I force myself to keep talking, the word vomit fully spewing now in a desperate attempt to keep myself distracted while also unloading the guilt I’ve carried for the past year.
“You don’t know what it’s like to grow up without stability.
You have both of your parents, who are so in love that it was sickeningly sweet to watch, and you don’t have to worry about the next time you’ll have to nurse your mom through a heartbreak.
” I force myself to look at Tyler, who is watching me intently.
“I get that from your perspective, it’s easy to take the chance.
But it isn’t that easy for me. Not when you aren’t sure where you want your life to take you.
That’s a lot more stressful for me than it’ll ever be for you, Ty. ”
His voice is low and full of hurt when he replies, but he doesn’t stop stroking my hand soothingly.

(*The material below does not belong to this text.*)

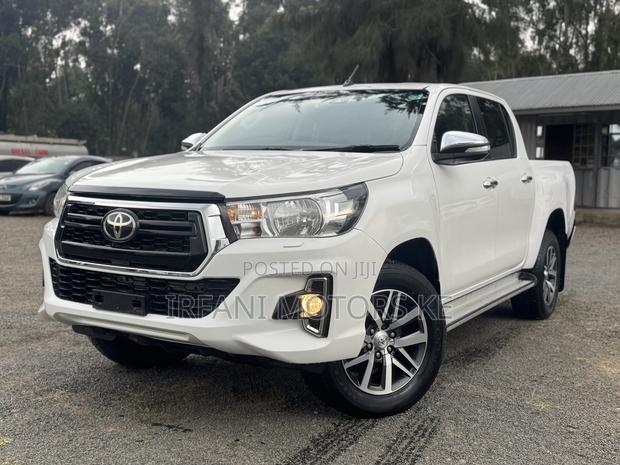 Toyota Hilux Workmate 4x4 2017 White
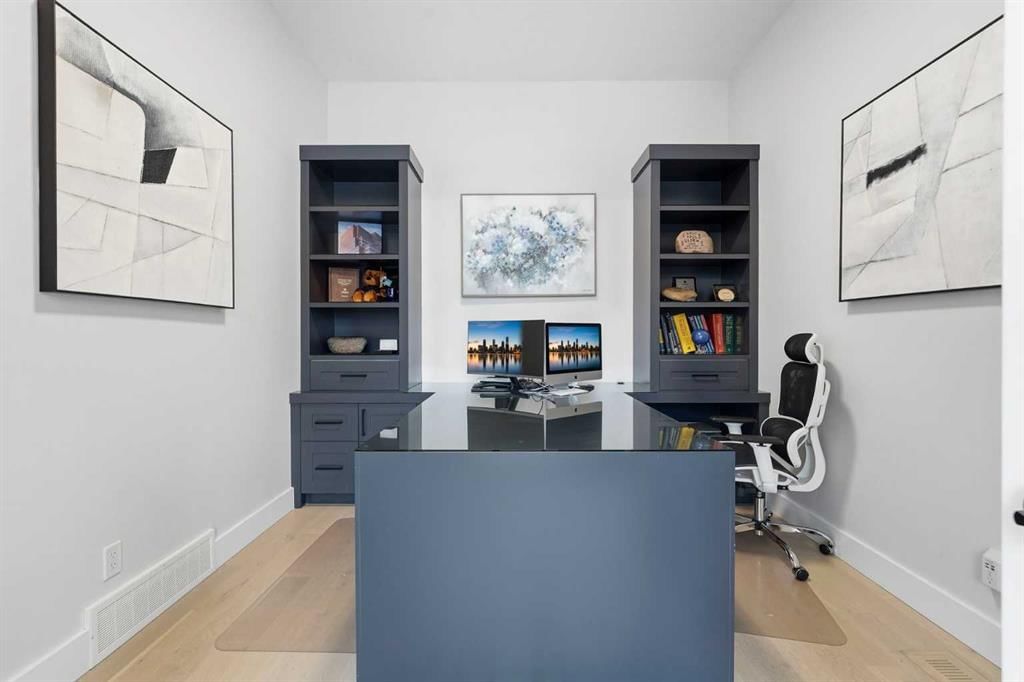 154 Aspen Summit Close SW, Calgary — photo 3 of 47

“I may not know what it’s like from your perspective, but what I know is that I loved you more than anything, and I’d do whatever it took to make it work.
But you didn’t even give me the chance. You made the decision for me. ”
It feels like we’re standing back in the hallway again, full of the stale air of gym socks and too much Axe spray, while I looked Tyler in the face and shattered his heart.
“I didn’t make the decision for you. But I knew that I didn’t want to take the risk anymore.
” Almost as if the universe is punishing me for doing this to Tyler again, the plane shakes so violently that even the flight attendants moving the cart to the back have to kneel in place, and the two toddlers in front of us start crying in panic.
I think about Mom, about the nights spent primping herself for a date, painting her lips and spritzing perfume and insisting to me that this guy is different, he’s definitely the one, I can really see myself with him for the rest of my life.
And how, like the flip of a dime, those nights turn into the nights where she’s curled up on the couch with a bowl of ice cream and a bottle of wine, sobbing like a broken animal, feeling used and heartbroken and kicked back to square one.
Of how it’s always been my job to pick up the pieces.
I think about her collection of chipped coffee mugs, of all the places she’s been, of how many of those places are related to the men she followed and the heartbreak that inevitably came from it.